Novartis has secured approval in the US for Isturisa (osilodrostat), a new treatment for Cushing’s disease, a rare disorder in which the adrenal glands make too much of the cortisol hormone. Announcing the decision on 7 March, the Food and Drug Administration said that Isturisa is the first drug to directly address this cortisol overproduction by blocking the enzyme 11-beta-hydroxylase and preventing cortisol synthesis.
A drug previously approved to treat idiopathic pulmonary fibrosis, Ofev (nintedanib), has received a new indication in the US – to treat patients with chronic fibrosing interstitial lung diseases. Announcing the decision on 9 March, the Food and Drug Administration said it was the first treatment authorised for this group of fibrosing lung diseases which worsen over time. Ofev was developed by Boehringer Ingelheim GmbH.
A new antibiotic capable of treating infections from aerobic Gram-negative bacteria has been given a positive opinion by the European Medicines Agency. Fetcroja (cefiderocol) was shown to be effective in complicated urinary tract infections, nosocomial pneumonia and in critically ill patients with confirmed carbapenem-resistant infections. It was developed by Shionogi & Co Ltd in Japan and approved by the US Food and Drug Administration in November 2019. Once the EMA positive opinion is confirmed by the European Commission, the drug will be available to health authorities in Europe.
Public health and border control officials at the European Commission currently believe that the risk of imminent transmission of the COVID-19 coronavirus across the EU is low to moderate – even as the virus continues to infect increasing numbers of people in Italy.
According to the BBC, the number of cases in Italy reached 400 on 26 February, up by 25% in just 24 hours.

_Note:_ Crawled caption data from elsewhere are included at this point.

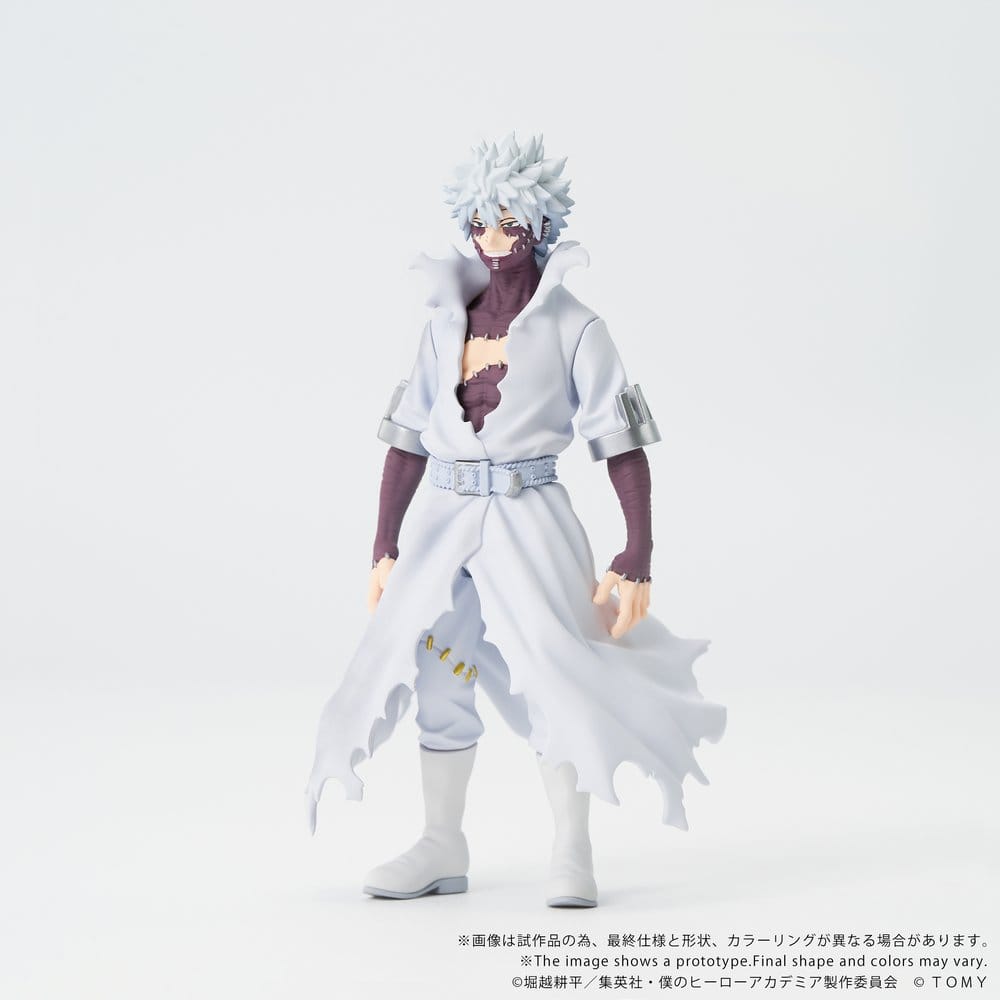 My Hero Academia Collekazaro Actionfigur CK-M09 Dabi 10 cm Image 3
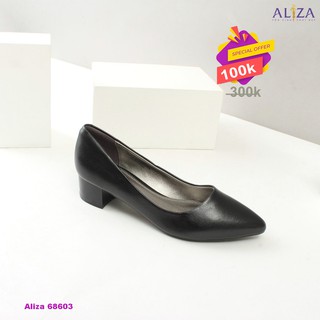 Aliza - Giày công sở gót trụ 3cm 68603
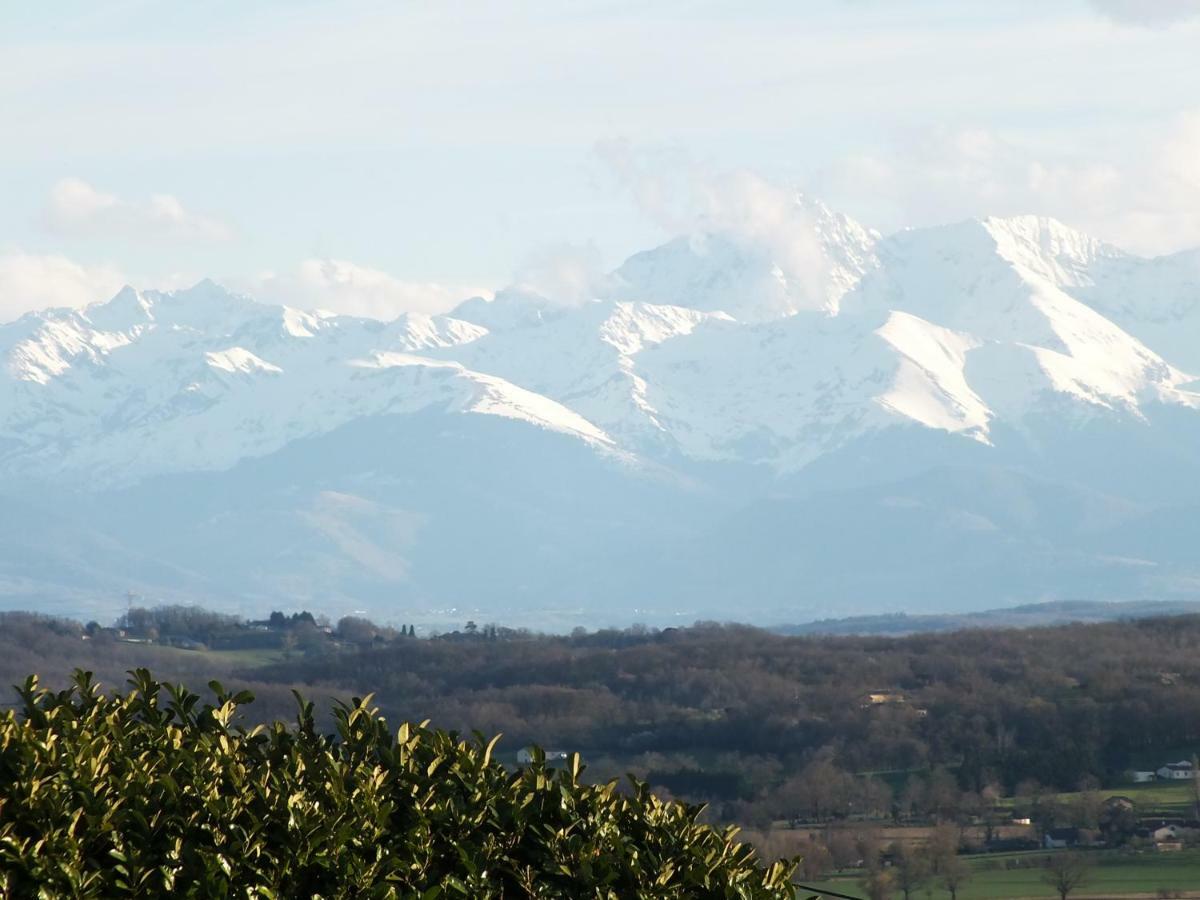 Gite 4, Domaine Logis Gascogne Saint-Justin  외부 사진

To date, there have been 12 fatalities.
The Type 2 diabetes medicine Trulicity (dulaglutide) has been approved in the US to treat adults with diabetes who have cardiovascular disease or are at risk of the disease. The makes Trulicity, first approved in 2014, the only Type 2 diabetes medicine that can also be used to reduce the risk of major adverse cardiovascular events.
The US Food and Drug Administration has stepped up its oversight of certain pharmacogenetic tests that make claims for treatments that are not supported by sound science. In an announcement on 20 February, the agency said that it was introducing a new table on the internet giving a list of gene-drug interactions that are based on scientific evidence. This can be viewed at https://www.fda.gov/medical-devices/precision-medicine/table-pharmacogenetic-associations.
A new intravenous treatment for the prevention of migraine has been approved by the US Food and Drug Administration on the basis of trial data showing that patients had a sustained reduction in their disease episodes for a period of months after receiving the drug. The treatment, Vyepti (eptinezumab), is a monoclonal antibody that binds to the human calcitonin gene-related peptide with the result that migraine attacks are reduced. It was developed by Alder BioPharmaceuticals Inc, a company that was acquired by H. Lundbeck A/S of Denmark in 2019.
The first gene therapy for haemophilia to be submitted for regulatory review, valoctocogene roxaparvovec, has been given ‘priority review’status by the US Food and Drug Administration. Developed by BioMarin Pharmaceutical Inc, the therapy will be assessed for safety and efficacy for the treatment of patients with haemophilia A. Haemophilia A is the more prevalent of the two disease types, haemophilia A and B. Under a priority review, the FDA aims to issue a decision on marketing in six months rather than the usual 10, which means the outcome of the review should be known by 21 August.
New confirmed cases of infections from the coronavirus in China, also known as COVID-19, are “generally in decline,” China’s ambassador to the EU, Zhang Ming, told journalists on Tuesday. The ambassador was speaking at a meeting in Brussels, organised by the think tank EU-Asia. Topics included EU-China trade relations, but the virus epidemic dominated the conversation. Mr Ming was at pains to detail China’s efforts to contain the epidemic and predicted that the contagion would soon be overcome.
The US Food and Drug Administration has issued new guidance for developers of gene therapies highlighting both the complexity of manufacture as well as the difficulty in establishing duration of response in clinical trials.
In six final guidances, the agency addresses these issues as well as the application of orphan drug regulations to gene therapy. Orphan drug eligibility is an issue because many gene therapies are being developed for rare diseases where the patient populations are small.